The good news – and I am very positive about next year – is that myself accompanied by the Deputy Governor – leave this function today, to chair a Cabinet where we will make decisions on a vaccination strategy that will, we hope, bring us back in the early months of 2021 to the place we most hope to be: a vibrant economy built on a strong foundation of personal liberty. The communities support for that strategy, in the way they supported the early lockdown, will though be a pre-requisite for that national success and for us to be able to leave many restrictions behind and look forward to our more normal future.
Of course away from the story of laws and regulations the impact of the virus hit our lives in other ways. We have stopped shaking hands, we stopped hugging, we covered our facial expressions, and we smiled with our eyes. I can’t remember hearing very much spontaneous laughter during this period. We put odd distance between ourselves, those we loved and those we cared for. Some families, including my own, were separated by great distance. We started to attend funerals remotely. The joy of fellowship diminished.

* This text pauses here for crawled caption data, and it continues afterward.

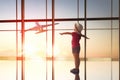 Girl looks at a plane at the airport Royalty Free Stock Photo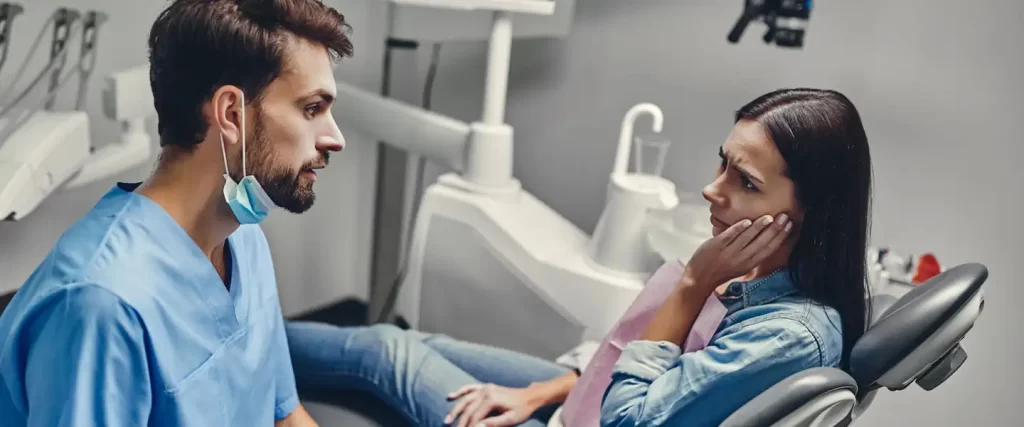 dentist talking to woman holding her jaw in pain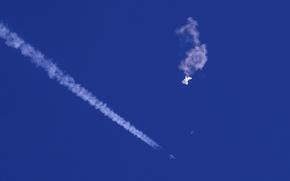 In this photo provided by Chad Fish, the remnants of a large balloon drift above the Atlantic Ocean, just off the coast of South Carolina, with a fighter jet and its contrail seen below it, Feb. 4, 2023. China said Tuesday, Feb. 7, 2023, it will “resolutely safeguard its legitimate rights and interests” over the shooting down of a suspected Chinese spy balloon by the United States, as relations between the two countries deteriorate further. (Chad Fish via AP, File)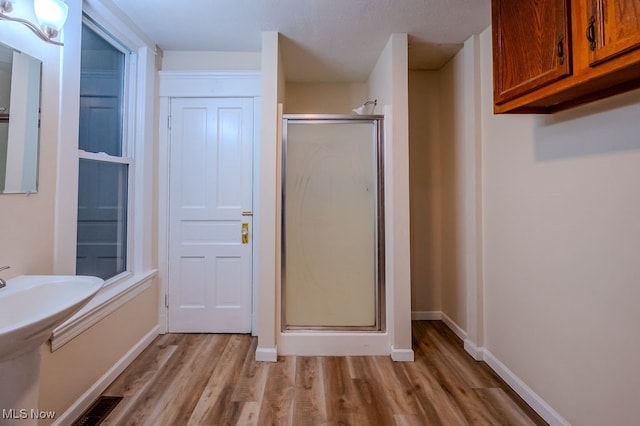 bathroom with wood-type flooring and a shower with door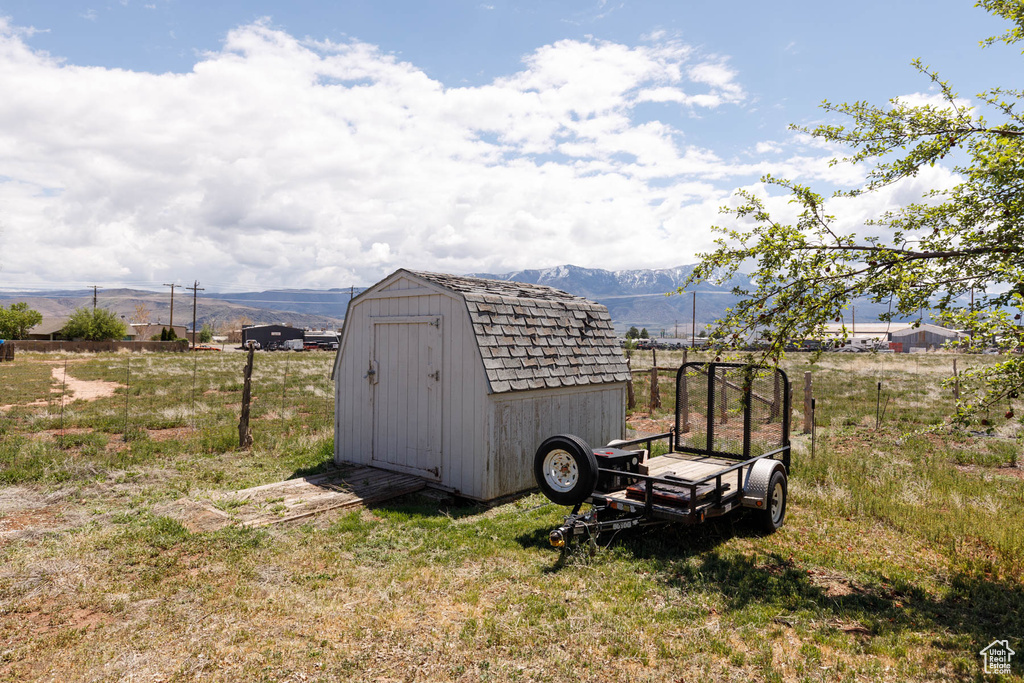 View of shed featuring a mountain view and a view of rural / pastoral area
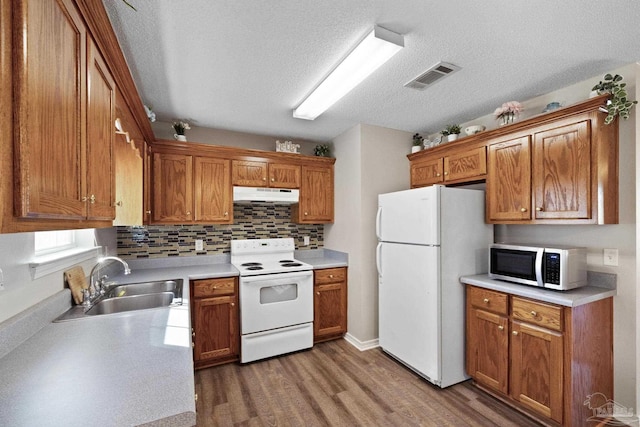 kitchen with sink, tasteful backsplash, wood-type flooring, a textured ceiling, and white appliances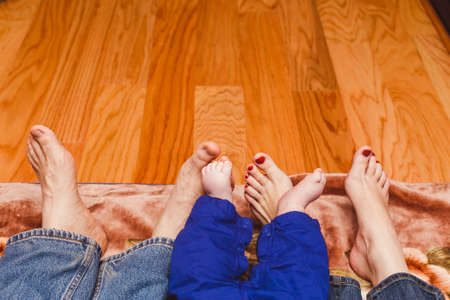 Family legs on a wooden background. baby, mom and dad. Mothers Day. Fathers Day.の写真素材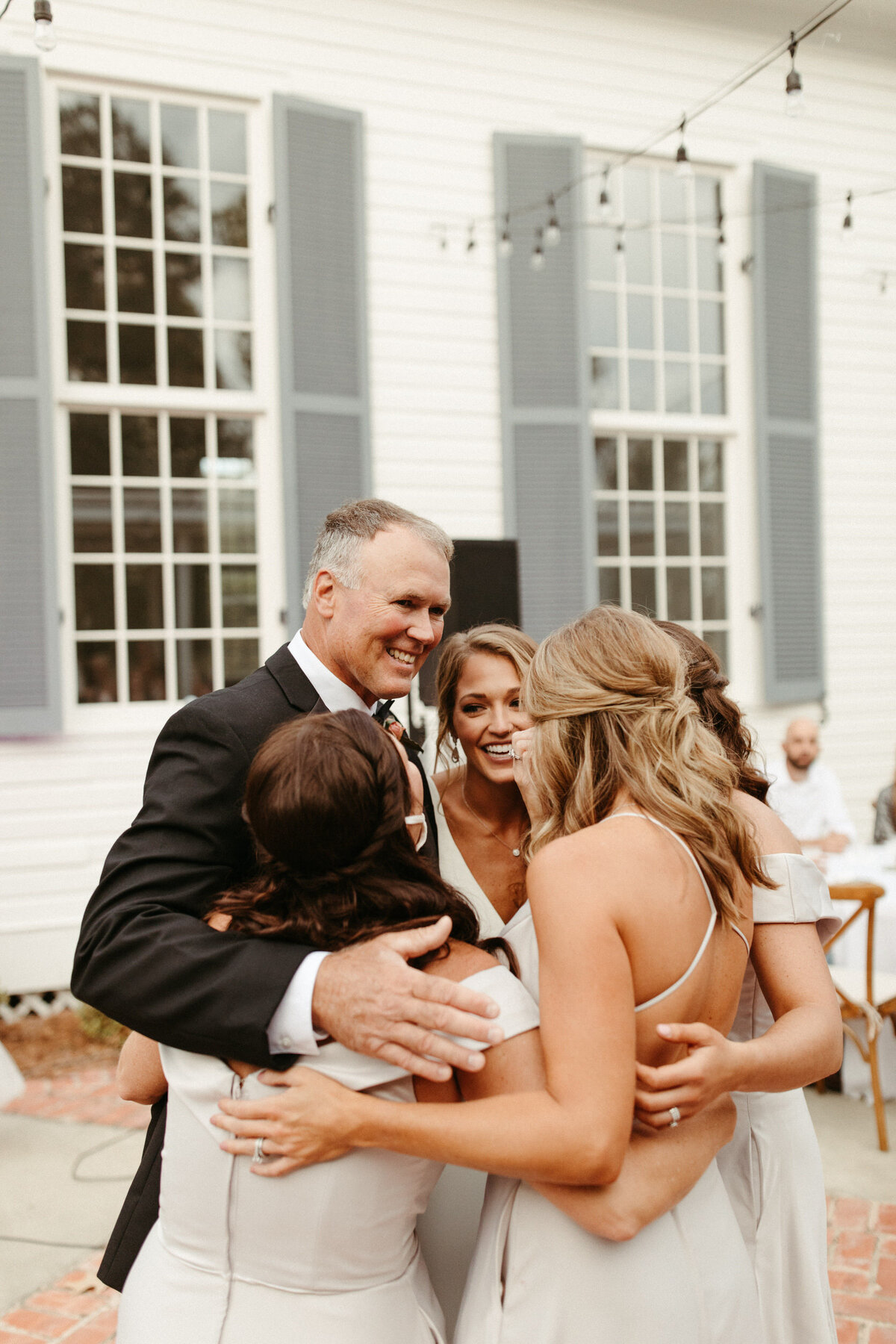 Sweet family moment of a bride dancing with her parents and sisters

Against this backdrop of strange behaviours, embraced by us at both a national and an individual level, where human rights were suspended or curtailed – admittedly for an agreed greater good – one thing that was not suspended was man and woman’s humanity for each other. Indeed, as is always the case in a crisis, it did not dissipate but instead it was amplified. Wherever I looked over the last 9 months I saw informal support networks emerge, existing networks flex and grow, I saw new role-models emerge and more established ones step up again to the challenge.
I said, I think back in April, that I thought this pandemic would in the end demonstrate those who had, and who did not have, integrity. Those whose behaviours during this period – in sacrificing something for themselves to help the greater good – would in the end shine through. Those who understood the greater good and who wanted to contribute to something greater than themselves would, I thought, stand out from the crowd.
As I said this, I hadn’t pictured who they might be, or where I might meet them, but today I find myself in the Shore Club looking at you – those that really did step up – and so it is you, who we honour today.
There are, I’m sure, pandemic heroes in every household, in the TCI. It’s the nature of an honours ceremony though that not all can be present, but I think through your contribution we can recognise the many small and large kindnesses and considerations that have been given during this period. Not all can be here, but all can be thanked.
And with that, I turn back to you – our Pandemic heroes – and thank you on behalf of the whole of TCI for the contribution you made to our collective good. Please remember 2020 as the year in which the Territory said thank you, to you. You did extraordinary things. Stars, each and every-one of you, humanitarian heroes of TCI, I thank you for your service.